(Beginning of Exercise data)

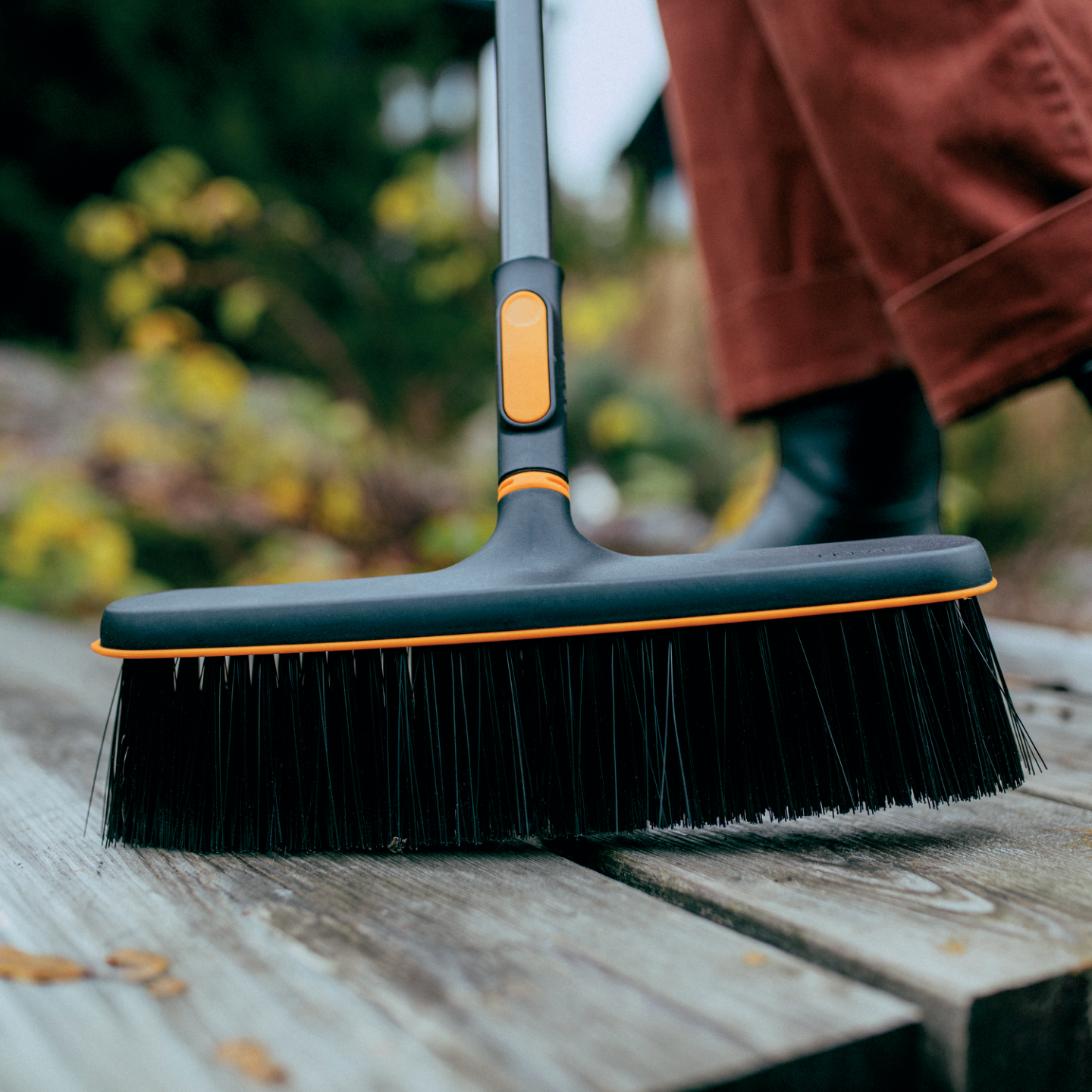 Terassiharja Fiskars OneClick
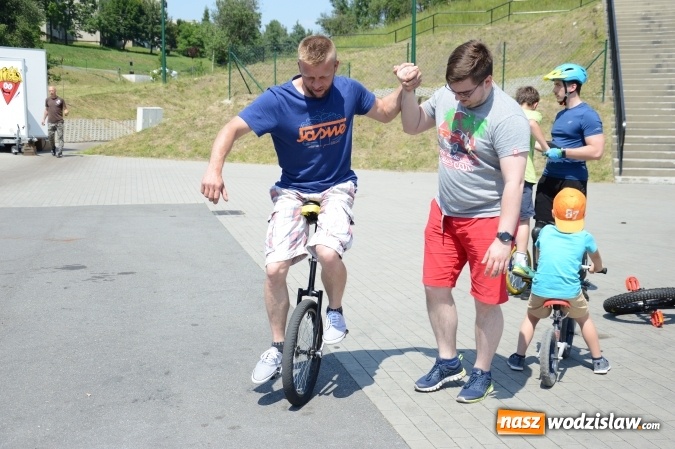 Zdjęcie w galerii na portalu naszwodzislaw.com: Kumulacja atrakcji w Rodzinnym Parku Rozrywki  wiadomości z regionu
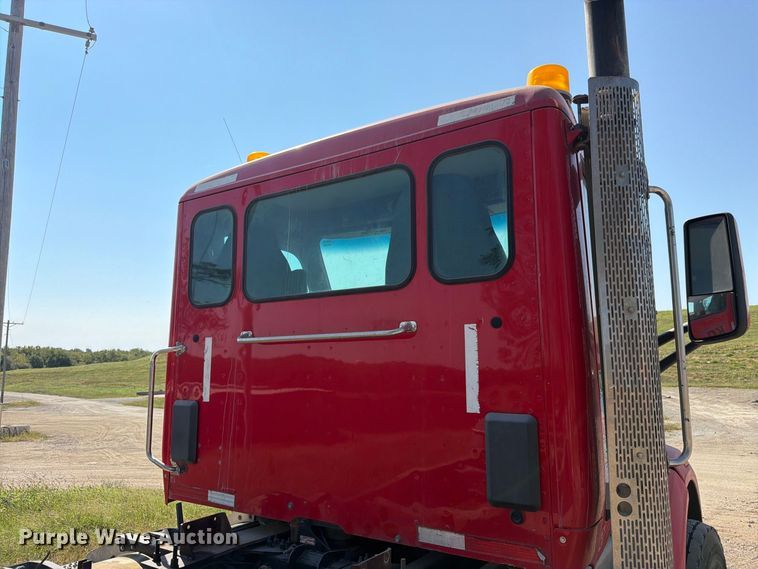 image for item FK3403 2015 Peterbilt 567 truck cab and chassis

(End of Exercise data)

Where a picture appears in the material above, skip it, and print the rest exactly.

◆ **Solution for this task**
 Terassiharja Fiskars OneClick
 Zdjęcie w galerii na portalu naszwodzislaw.com: Kumulacja atrakcji w Rodzinnym Parku Rozrywki  wiadomości z regionu
 image for item FK3403 2015 Peterbilt 567 truck cab and chassis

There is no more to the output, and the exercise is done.